How about means versus ends? More precisely, I suppose you can turn this binary distinction into a discrete one by saying that while one donor might be supporting your current activities, the next one might be supporting the one-level-up goal that your current activities are pursuing, while the next one might be supporting the two-levels-up goal that your current activities are pursuing, etc.
In other words, different donors might have different levels of tolerance if you pivot. The more fundamentally you change your plans, the more the donor has to be on the “investing in the agent” end of the spectrum to support it.
There’s a school of thought that disagreeable people are important for making a lot of progress and that they are best at creating that progress when they are given freedom.
I think that disagreeable people are more likely to believe that paradigm and thus provide funds in a way that works better for disagreeable people which is the patron model.
I do think that there’s probably a correlation. I think that e.g. high-agreeableness people will tend to be more patron-ish, and low-agreeableness people will tend to be more patron-ish while they are feeling particularly agreeable.
re: father/mother archetypes, interestingly, the conflict my parents are having is over their shared finances/pooled savings; Mom thinks that it should be spent on [herself, my dad, and me and my brother] whereas Dad thinks it should be spent on [whatever either she or he thinks is a good idea] and they had both been proceeding as if the other was doing it their way. When they reviewed a decade of fairly large expenditures, this created H U G E conflict, and feelings of betrayal on both sides.

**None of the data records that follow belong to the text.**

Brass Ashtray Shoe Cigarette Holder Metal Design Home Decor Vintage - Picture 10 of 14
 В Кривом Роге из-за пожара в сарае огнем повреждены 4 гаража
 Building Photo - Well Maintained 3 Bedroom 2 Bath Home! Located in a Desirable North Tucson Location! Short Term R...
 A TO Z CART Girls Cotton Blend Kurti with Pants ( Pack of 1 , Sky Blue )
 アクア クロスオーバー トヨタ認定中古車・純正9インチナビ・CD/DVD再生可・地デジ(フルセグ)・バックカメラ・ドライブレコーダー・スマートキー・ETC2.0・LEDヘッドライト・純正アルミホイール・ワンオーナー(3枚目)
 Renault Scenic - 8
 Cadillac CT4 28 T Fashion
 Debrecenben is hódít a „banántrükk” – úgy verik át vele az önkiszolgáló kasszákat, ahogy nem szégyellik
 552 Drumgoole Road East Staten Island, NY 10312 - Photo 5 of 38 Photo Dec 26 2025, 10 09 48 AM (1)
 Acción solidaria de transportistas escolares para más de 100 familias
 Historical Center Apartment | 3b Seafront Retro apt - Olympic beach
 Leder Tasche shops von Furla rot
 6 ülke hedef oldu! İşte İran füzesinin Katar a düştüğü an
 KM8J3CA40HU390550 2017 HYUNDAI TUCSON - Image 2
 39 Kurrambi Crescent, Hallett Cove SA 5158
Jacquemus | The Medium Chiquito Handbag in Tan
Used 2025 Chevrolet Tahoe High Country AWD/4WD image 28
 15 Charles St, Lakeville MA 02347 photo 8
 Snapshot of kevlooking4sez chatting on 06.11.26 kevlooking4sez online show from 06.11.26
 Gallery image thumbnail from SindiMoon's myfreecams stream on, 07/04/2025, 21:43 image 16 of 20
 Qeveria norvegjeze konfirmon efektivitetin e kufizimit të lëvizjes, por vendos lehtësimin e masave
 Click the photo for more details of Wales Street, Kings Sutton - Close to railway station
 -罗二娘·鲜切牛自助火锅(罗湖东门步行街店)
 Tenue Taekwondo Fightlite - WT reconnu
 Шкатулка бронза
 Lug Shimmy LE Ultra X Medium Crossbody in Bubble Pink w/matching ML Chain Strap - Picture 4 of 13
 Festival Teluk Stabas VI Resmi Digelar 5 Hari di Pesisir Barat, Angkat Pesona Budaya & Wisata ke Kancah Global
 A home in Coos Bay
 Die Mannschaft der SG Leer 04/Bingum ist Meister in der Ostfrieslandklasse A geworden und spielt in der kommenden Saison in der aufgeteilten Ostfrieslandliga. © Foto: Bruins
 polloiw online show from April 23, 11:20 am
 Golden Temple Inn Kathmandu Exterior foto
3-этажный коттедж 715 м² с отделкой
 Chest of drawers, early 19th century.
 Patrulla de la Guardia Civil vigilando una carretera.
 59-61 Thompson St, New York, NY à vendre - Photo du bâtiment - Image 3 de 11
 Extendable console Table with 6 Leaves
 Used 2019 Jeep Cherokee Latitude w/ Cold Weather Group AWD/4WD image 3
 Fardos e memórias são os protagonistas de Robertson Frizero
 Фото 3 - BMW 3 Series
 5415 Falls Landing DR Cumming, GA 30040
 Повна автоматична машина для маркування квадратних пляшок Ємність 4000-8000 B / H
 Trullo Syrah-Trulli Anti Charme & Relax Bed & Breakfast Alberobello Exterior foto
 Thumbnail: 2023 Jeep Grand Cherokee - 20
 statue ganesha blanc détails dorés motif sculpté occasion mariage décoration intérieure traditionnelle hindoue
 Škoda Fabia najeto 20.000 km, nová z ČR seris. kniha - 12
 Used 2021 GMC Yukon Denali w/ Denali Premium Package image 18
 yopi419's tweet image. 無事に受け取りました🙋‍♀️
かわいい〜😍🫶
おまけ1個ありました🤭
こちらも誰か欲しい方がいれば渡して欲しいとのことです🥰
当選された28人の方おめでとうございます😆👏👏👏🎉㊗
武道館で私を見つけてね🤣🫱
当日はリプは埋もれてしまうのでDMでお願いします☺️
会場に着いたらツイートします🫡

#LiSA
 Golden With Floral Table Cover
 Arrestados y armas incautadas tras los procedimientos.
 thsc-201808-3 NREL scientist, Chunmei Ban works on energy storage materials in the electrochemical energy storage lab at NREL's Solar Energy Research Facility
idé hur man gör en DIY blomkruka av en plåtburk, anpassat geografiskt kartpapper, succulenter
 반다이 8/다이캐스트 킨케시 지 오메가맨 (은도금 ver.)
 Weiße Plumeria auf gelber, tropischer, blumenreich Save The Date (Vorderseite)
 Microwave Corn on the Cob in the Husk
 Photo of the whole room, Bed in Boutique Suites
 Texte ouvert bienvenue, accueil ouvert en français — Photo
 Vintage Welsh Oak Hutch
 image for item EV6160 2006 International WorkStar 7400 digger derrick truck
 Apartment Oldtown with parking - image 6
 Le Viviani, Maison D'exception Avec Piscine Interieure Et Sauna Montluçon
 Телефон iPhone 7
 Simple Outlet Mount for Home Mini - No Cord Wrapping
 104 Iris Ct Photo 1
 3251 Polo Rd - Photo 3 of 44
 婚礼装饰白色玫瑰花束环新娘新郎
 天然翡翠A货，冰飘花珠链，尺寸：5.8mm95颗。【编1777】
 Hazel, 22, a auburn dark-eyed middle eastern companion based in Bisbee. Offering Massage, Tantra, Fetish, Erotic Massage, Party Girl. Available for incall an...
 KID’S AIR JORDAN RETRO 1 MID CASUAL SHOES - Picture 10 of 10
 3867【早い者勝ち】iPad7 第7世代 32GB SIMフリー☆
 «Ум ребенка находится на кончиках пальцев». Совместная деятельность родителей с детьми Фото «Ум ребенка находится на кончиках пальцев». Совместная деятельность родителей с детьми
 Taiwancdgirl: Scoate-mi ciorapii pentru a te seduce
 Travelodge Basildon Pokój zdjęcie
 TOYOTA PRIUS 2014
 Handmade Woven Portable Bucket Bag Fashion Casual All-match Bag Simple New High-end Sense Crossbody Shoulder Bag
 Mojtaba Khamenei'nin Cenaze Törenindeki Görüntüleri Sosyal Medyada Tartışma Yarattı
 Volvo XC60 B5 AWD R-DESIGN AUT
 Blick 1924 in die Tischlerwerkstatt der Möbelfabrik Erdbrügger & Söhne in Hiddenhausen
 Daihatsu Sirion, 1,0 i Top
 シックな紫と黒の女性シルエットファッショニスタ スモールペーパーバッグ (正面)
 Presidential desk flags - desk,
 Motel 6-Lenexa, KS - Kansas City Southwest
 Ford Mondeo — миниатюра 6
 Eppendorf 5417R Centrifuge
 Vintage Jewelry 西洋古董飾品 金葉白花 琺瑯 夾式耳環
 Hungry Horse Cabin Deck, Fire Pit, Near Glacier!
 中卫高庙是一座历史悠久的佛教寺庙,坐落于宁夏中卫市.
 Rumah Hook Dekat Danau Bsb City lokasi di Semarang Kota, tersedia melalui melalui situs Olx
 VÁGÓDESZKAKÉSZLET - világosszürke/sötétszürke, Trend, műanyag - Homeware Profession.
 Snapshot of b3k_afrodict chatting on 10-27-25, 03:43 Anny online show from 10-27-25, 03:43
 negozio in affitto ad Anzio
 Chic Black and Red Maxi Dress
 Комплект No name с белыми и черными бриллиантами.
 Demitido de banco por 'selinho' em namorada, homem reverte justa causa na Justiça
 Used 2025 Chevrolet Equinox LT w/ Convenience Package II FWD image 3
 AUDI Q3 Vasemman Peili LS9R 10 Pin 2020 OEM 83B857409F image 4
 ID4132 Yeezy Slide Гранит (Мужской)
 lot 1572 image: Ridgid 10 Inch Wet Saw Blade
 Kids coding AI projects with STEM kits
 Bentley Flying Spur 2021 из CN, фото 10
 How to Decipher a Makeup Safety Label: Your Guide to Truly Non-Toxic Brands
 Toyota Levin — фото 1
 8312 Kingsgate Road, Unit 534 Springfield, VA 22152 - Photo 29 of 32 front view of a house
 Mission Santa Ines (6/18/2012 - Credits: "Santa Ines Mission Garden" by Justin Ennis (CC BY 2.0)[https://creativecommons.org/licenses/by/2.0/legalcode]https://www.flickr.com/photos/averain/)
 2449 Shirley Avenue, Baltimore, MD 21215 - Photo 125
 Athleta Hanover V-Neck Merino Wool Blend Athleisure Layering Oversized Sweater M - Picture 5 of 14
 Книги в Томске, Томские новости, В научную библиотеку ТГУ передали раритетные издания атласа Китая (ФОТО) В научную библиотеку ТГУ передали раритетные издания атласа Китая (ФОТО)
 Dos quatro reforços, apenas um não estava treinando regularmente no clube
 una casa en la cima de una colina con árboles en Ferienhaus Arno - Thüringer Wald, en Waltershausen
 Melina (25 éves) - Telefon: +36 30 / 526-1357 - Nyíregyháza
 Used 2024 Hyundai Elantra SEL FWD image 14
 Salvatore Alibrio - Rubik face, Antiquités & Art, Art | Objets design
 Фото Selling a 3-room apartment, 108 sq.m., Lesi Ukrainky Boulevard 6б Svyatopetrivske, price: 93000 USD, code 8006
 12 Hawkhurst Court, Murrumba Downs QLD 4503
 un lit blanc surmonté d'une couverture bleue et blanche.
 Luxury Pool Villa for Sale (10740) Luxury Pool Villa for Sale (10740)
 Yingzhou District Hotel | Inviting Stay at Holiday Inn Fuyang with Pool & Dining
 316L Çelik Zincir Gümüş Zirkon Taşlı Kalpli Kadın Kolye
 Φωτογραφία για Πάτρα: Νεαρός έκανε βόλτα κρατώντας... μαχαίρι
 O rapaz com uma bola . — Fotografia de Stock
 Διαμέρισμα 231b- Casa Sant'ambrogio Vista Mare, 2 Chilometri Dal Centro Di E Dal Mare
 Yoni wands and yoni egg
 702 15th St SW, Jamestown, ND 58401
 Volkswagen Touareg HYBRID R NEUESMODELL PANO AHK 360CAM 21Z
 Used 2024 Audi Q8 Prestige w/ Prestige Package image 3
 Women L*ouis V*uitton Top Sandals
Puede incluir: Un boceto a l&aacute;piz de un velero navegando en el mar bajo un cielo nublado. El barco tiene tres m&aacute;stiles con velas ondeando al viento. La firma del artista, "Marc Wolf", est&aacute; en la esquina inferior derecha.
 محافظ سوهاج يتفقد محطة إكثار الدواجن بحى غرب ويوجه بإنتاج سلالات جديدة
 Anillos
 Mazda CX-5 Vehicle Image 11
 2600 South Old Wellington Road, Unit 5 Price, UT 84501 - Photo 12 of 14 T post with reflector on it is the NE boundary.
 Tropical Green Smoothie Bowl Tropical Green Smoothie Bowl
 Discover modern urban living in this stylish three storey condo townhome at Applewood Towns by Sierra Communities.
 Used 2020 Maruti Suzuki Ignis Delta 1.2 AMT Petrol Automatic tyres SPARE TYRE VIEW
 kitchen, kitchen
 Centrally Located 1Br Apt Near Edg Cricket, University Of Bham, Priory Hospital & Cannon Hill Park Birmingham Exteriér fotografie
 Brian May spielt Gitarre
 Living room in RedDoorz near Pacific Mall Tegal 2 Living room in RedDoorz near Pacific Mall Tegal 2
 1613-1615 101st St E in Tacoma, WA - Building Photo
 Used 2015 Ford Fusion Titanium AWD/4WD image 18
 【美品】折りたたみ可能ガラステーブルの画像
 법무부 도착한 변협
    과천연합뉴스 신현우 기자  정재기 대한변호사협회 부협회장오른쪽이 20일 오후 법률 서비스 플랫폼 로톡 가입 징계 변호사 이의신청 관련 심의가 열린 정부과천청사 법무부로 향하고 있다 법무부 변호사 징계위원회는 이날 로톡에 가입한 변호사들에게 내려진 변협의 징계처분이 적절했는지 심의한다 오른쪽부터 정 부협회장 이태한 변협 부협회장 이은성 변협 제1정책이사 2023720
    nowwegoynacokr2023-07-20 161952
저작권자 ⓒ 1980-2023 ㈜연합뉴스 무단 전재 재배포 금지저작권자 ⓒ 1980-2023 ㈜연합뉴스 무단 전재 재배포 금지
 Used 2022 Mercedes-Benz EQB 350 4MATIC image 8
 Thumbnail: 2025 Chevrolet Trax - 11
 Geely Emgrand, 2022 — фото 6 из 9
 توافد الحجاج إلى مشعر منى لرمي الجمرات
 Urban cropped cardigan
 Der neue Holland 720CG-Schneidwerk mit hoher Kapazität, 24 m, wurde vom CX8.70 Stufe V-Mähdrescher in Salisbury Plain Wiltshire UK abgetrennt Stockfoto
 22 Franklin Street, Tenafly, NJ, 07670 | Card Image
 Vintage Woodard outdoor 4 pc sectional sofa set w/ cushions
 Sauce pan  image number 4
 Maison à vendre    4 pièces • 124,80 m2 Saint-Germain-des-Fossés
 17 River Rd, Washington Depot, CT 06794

(Mom feels betrayed because Dad “spent her hard-earned money” on things outside the mission; Dad feels betrayed because Mom is looking at good, moral expenditures and calling them a violation/transgression.)
I’m curious to what extent this distinction can be mapped to the disagreeable/agreeable spectrum. Also curious if this thing can be generalized to diff kinds of support in general, i.e. conditional/unconditional love. I’m also getting father/mother archetypes vibes from this.
I would expect the Thiel Foundation (central donor of both Leverage and MIRI) to be working more with the patron model and at the same time Thiel is low-agreeableness.
Ah yeah, on second thought the “father” vibe might also be one that is (disagreeably) investing in the agent, not buying their activities, and when you are buying the activity it seems that the disagreeable/agreeable dimension kind of collapses, i.e. it doesn’t matter how the recipient feels about it, they’re just an object.
How about means versus ends? More precisely, I suppose you can turn this binary distinction into a discrete one by saying that while one donor might be supporting your current activities, the next one might be supporting the one-level-up goal that your current activities are pursuing, while the next one might be supporting the two-levels-up goal that your current activities are pursuing, etc.
In other words, different donors might have different levels of tolerance if you pivot. The more fundamentally you change your plans, the more the donor has to be on the “investing in the agent” end of the spectrum to support it.
There’s a school of thought that disagreeable people are important for making a lot of progress and that they are best at creating that progress when they are given freedom.
I think that disagreeable people are more likely to believe that paradigm and thus provide funds in a way that works better for disagreeable people which is the patron model.
Seems true. Not sure what update to make from it, though, as I would expect some counterexamples even with a strong correlation.
(Also not actually sure that Thiel is low-agreeableness but I adopt it as a prior going forward since before my prior was ???).
I do think that there’s probably a correlation. I think that e.g. high-agreeableness people will tend to be more patron-ish, and low-agreeableness people will tend to be more patron-ish while they are feeling particularly agreeable.
re: father/mother archetypes, interestingly, the conflict my parents are having is over their shared finances/pooled savings; Mom thinks that it should be spent on [herself, my dad, and me and my brother] whereas Dad thinks it should be spent on [whatever either she or he thinks is a good idea] and they had both been proceeding as if the other was doing it their way. When they reviewed a decade of fairly large expenditures, this created H U G E conflict, and feelings of betrayal on both sides.
(Mom feels betrayed because Dad “spent her hard-earned money” on things outside the mission; Dad feels betrayed because Mom is looking at good, moral expenditures and calling them a violation/transgression.)